Embedded videos in Friday, not sure that will work, but hope so.

Regards

Jerry

Friday:

https://picasaweb.google.com/112292...6C8gIW4zAE#

Saturday:

https://picasaweb.google.com/112292...5d2umrKqXA#

Hope you enjoy!


----------



## Dick413 (Jan 7, 2008)

thank you


----------



## noelw (Jan 2, 2008)

That's great Jerry. .. tk's for the post..


----------



## Gary Armitstead (Jan 2, 2008)

Great pictures Jerry! Thanks for posting.


----------



## Stan Cedarleaf (Jan 2, 2008)

Great images, Jerry.... Thanks so much for getting them done...

Fabulous...


----------



## tmejia (Jan 2, 2008)

Thanks for the photos

I even recognized some of them peoples.

Tommy








Rio Gracie


----------



## Don Howard (Jan 2, 2008)

Thanks for the great sets of pics. 

Wished I was there:-(


----------



## Koploper (Apr 3, 2011)

Great photos! Thanks for sharing the fun with those of us who couldn't join you.


----------



## Pete Thornton (Jan 2, 2008)

Great shots, Jerry - and even one of you!

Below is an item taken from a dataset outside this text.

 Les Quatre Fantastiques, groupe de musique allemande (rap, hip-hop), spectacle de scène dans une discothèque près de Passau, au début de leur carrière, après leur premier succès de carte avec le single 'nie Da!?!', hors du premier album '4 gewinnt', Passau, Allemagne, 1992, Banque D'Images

Enjoy the road trip - we're off to Roger's next Sat.


----------



## Ted Doskaris (Oct 7, 2008)

Jerry, 

Thanks for the picture links. 

Who owns the UP Gas Turbine A, B loco in the video? 
Very nice. 

-Ted


----------



## Dave F (Jan 2, 2008)

Those turbines belong to Bryan Smith. He built them from scratch.


----------



## Naptowneng (Jun 14, 2010)

Thanks, Pete

Great weekend, enjoy Roger's.

Jerry


----------



## jake3404 (Dec 3, 2010)

FOr a little help

Pictures 1

Saturday


----------



## aceinspp (Jan 2, 2008)

Another great batch of pics and vids. Thanks. Later RJD


----------